Here come the buyers, right on schedule, taking up the stocks of any company that smacks of high growth or buys commodities by the bushel, and taking down the stocks of producers of anything even remotely mineral, mining or oil- and gas-related.
Earlier this week we had one of those market-wide selloffs where every stock went down because of a sudden decline in oil. I made the point that there are two sides to every coin and that the users of commodities shouldn't be going down. I said we are simply seeing the same emotional reaction we always see to a furious commodity decline: that the Federal Reserve will tighten, perhaps aggressively, and we will be forced into a recession. Forget the facts or how farfetched they might be. Everyone has the right to be stupid and to say and do stupid things. This market allows that behavior writ large.
Sure, it's painful if you own the oils. Today we got inventory numbers that showed a decline in oil, and oil rallied hard until the U.S. dollar went higher, which squelched the advance and reversed the group hard. Plus, President Obama is waging a war on fossil fuels and he's winning. And, again, some funds that borrowed a ton of money to buy oil-related master limited partnerships got margin calls, and those stocks were hammered mercilessly.
But today is also the day that the market reacts rationally, not stupidly. That means the stocks of big commodity-takers shine. And why not? Their earnings will increase. So will the earnings of companies that benefit from a flush consumer who feels better because gasoline's going lower.

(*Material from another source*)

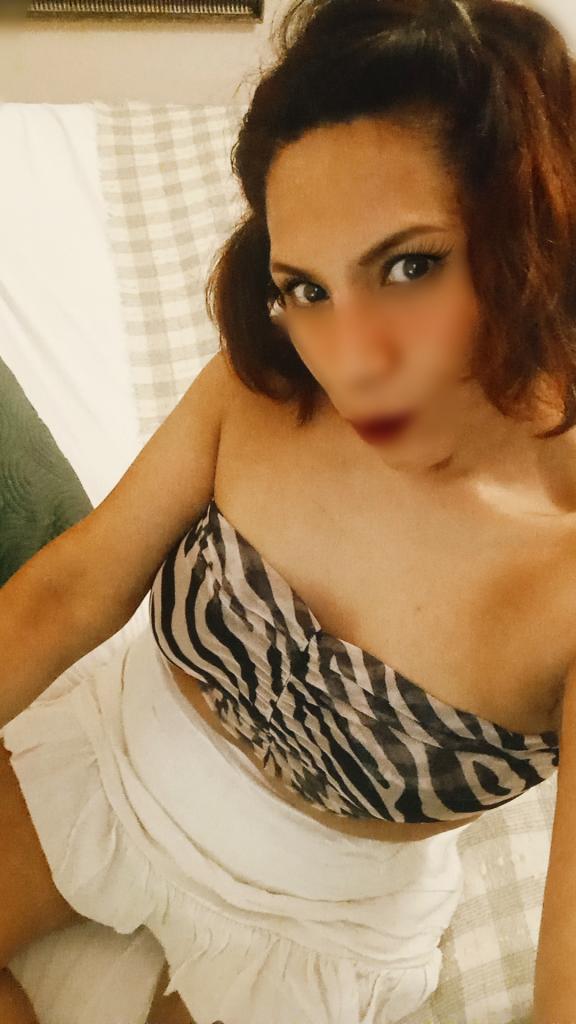 Chica busca chico en Vizcaya: 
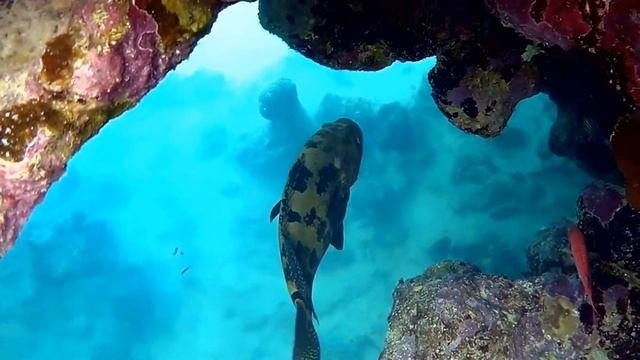 Malabar Grouper (Epinephelus Malabaricus), Малабарский морской окунь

Today is also a day where high-growth stocks are loved because they increase in value when inflation is subdued. Earnings expected in the year 2020 are worth a lot more if you think inflation is suppressed rather than raging. Remember, something like gold keeps its value when inflation takes off. But paper assets retain them when inflation (as measured by commodity prices) is suppressed, as it is now.

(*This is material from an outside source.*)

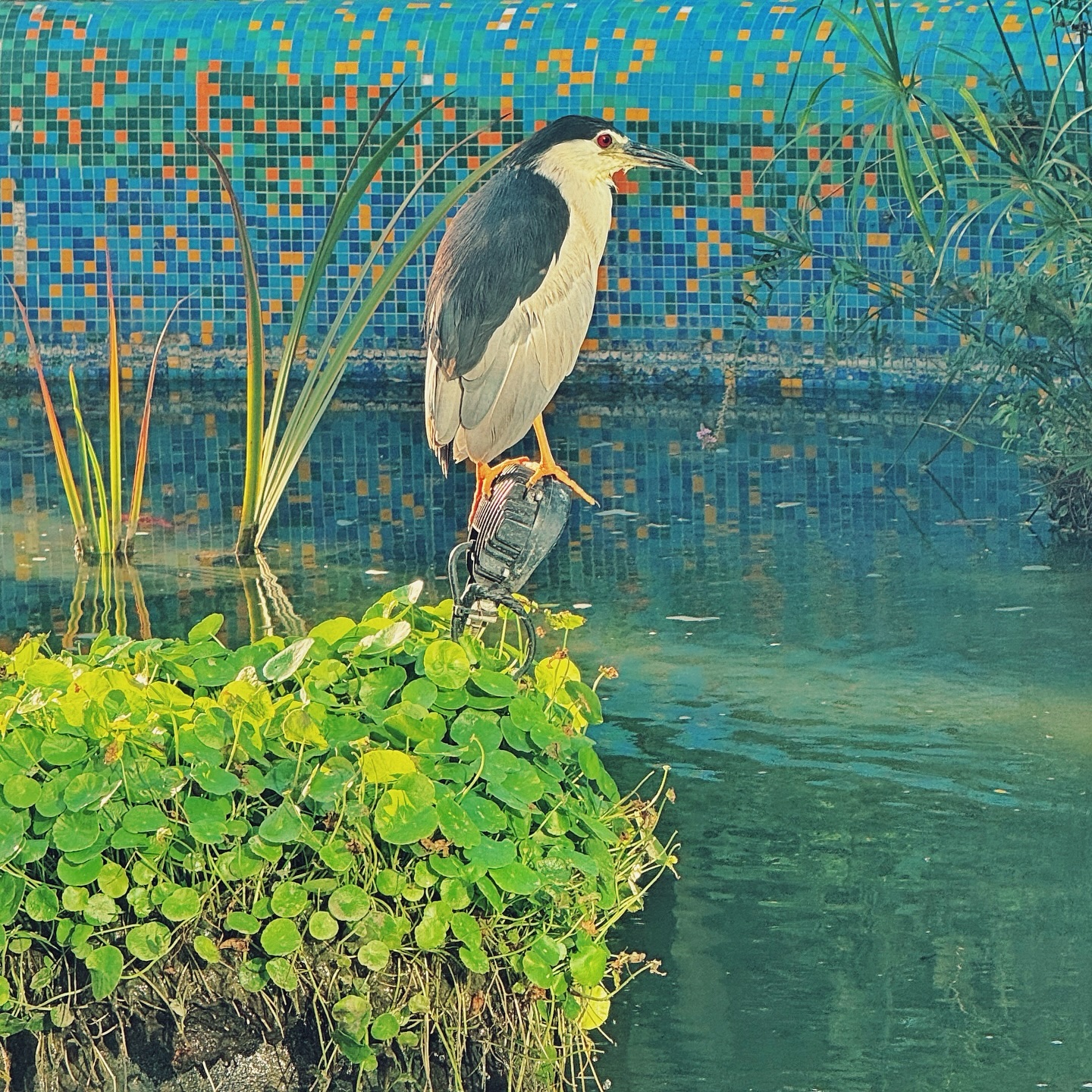 Night heron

So what goes higher? How about retailers? Costco (COST), Dollar Tree (DLTR) and Wal-Mart (WMT) are pure plays on a consumer with more spending power.
How about PepsiCo (PEP), Mondelez (MDLZ), Kellogg (K) and the irrepressible Clorox (CLX)? These companies have gigantic energy and resin bills. Their packaging often costs more than the goods inside them. These companies spend more to ship cereal than to make cereal. The energy required to make, package and ship Clorox bleach far outweighs the cost of the foul-smelling stuff inside.
Low inflation means loading up on biotechs. Why not go right back to Regeneron (REGN). It just reported a fantastic quarter and got a big drug approval. Celgene (CELG) works higher, too. We know that it has made a big forecast for the outyears. People want to own Internet stocks with great growth. Priceline (PCLN) just reported and it said nothing but good things. That's perfect.
So are Facebook (FB), Google (GOOGL), Netflix (NFLX) and Amazon (AMZN). After a momentary CVS (CVS)-related faux shortfall, they go right back to the drugstores. And they buy anything gaming-related off strong projections from Activision Blizzard (ATVI), which had gigantic monthly average user growth from the Call of Duty franchise. Why not? Fewer dollars as the gas pump, more video games.
I need you to remember this kind of action; it is typical of the third day after any extended commodity collapse.
I know it seems moronic that we had to wait for the smoke to clear to pay up for merchandise that was going begging during the selloff. But fear is more powerful than common sense. That's how it always is with stocks and, sadly, for all but those who are trying to Get Rich Carefully, it always will be.